* Problem requirements *
Directions for the data below: repeat exactly the lines from the one with "Hama Finest Feel" through the one with "LAUT Huex Folio", both included, and omit all pictures.

::: Supplied material

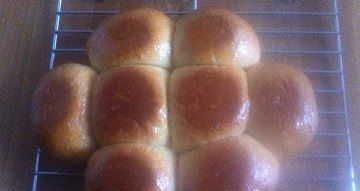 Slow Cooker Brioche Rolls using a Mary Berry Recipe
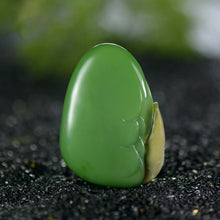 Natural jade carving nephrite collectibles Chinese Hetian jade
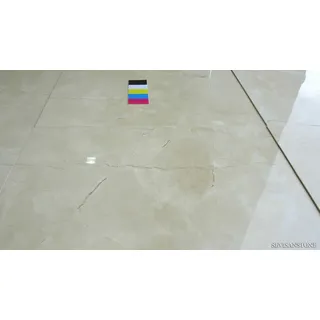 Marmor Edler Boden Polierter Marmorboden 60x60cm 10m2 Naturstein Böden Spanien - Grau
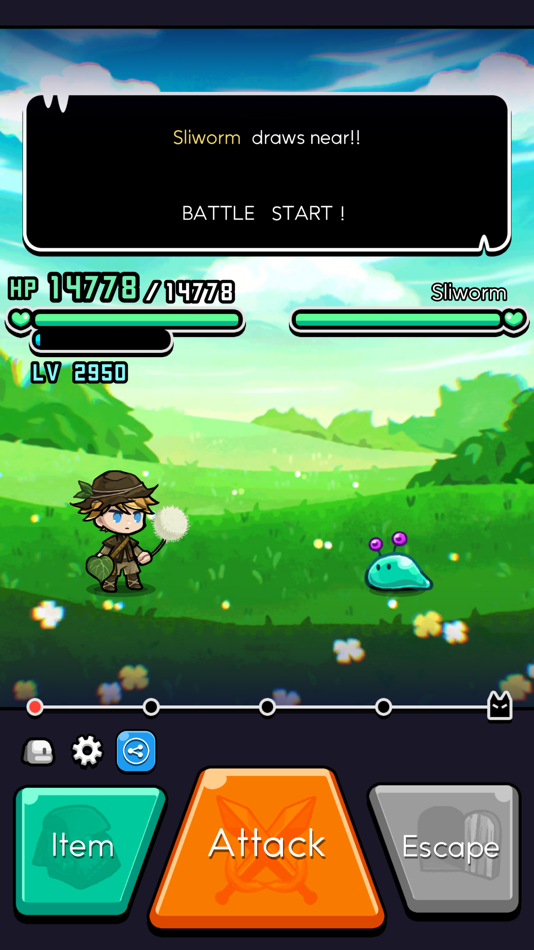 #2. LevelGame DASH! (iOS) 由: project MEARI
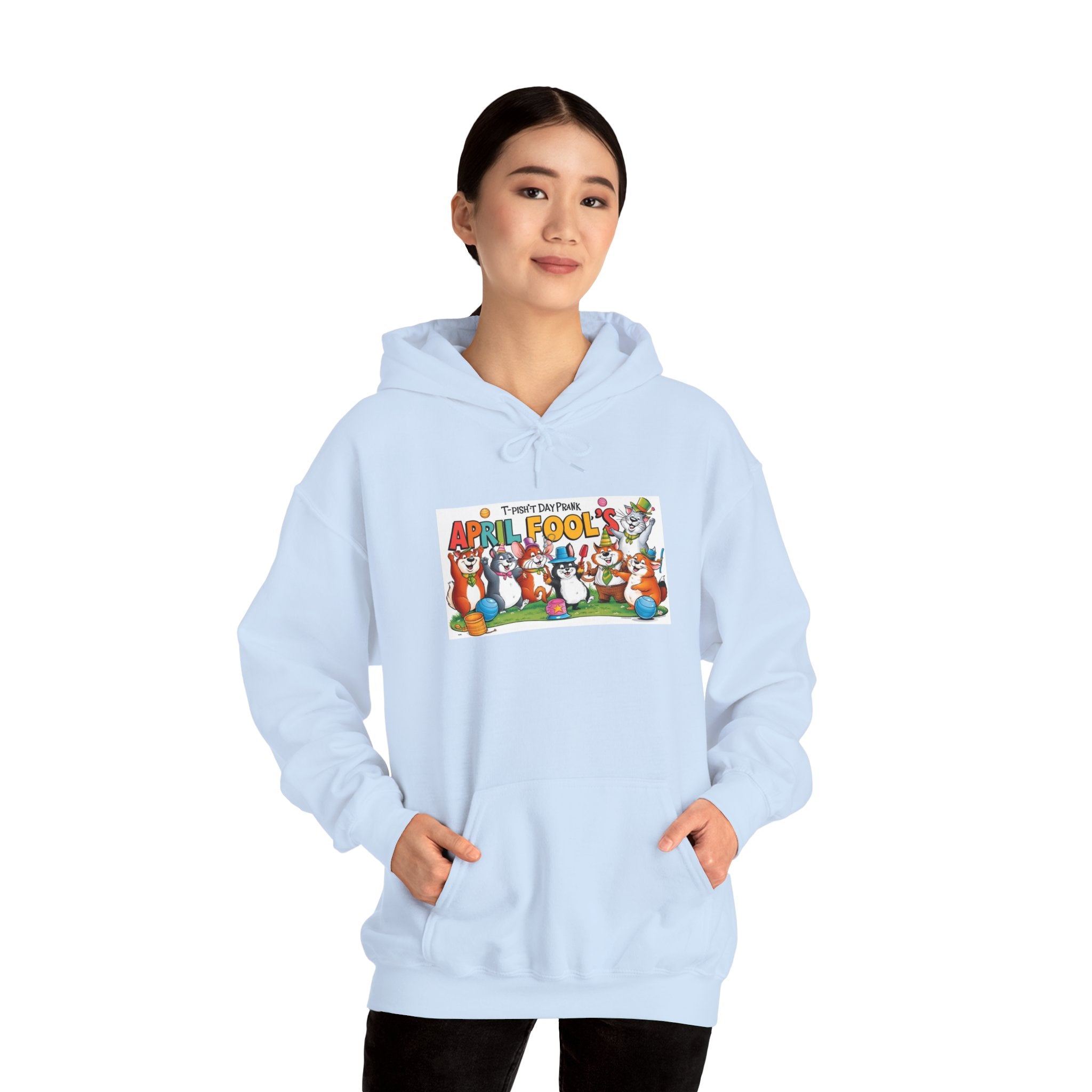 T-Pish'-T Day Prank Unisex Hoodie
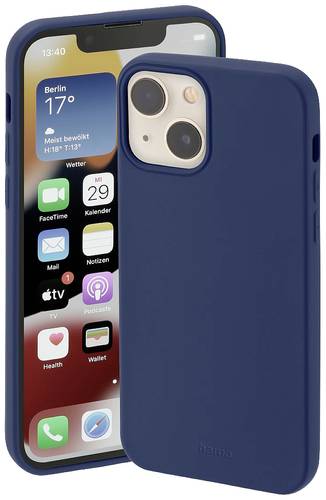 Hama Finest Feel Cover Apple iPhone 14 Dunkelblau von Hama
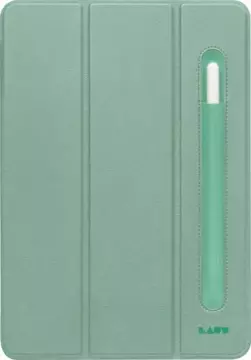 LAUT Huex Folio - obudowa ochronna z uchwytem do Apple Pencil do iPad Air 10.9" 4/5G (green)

::::::
::: Supplied material

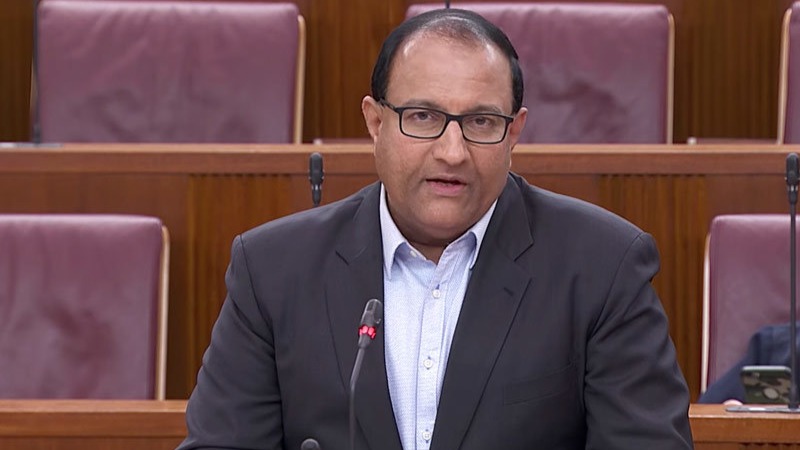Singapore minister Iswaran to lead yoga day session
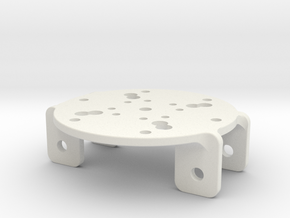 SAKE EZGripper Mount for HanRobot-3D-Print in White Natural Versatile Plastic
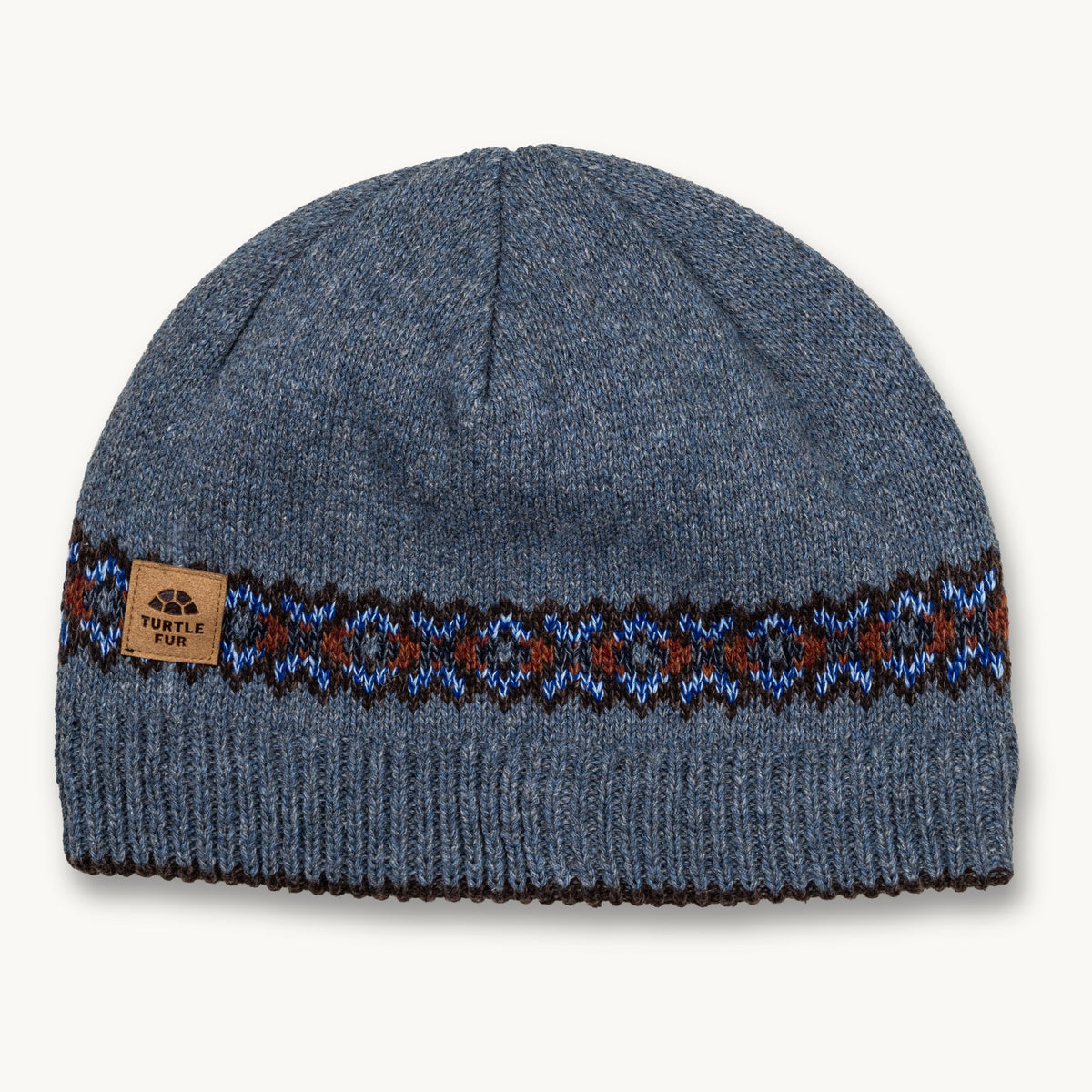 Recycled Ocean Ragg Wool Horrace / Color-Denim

::::::

* Completed task *
 Hama Finest Feel Cover Apple iPhone 14 Dunkelblau von Hama
 LAUT Huex Folio - obudowa ochronna z uchwytem do Apple Pencil do iPad Air 10.9" 4/5G (green)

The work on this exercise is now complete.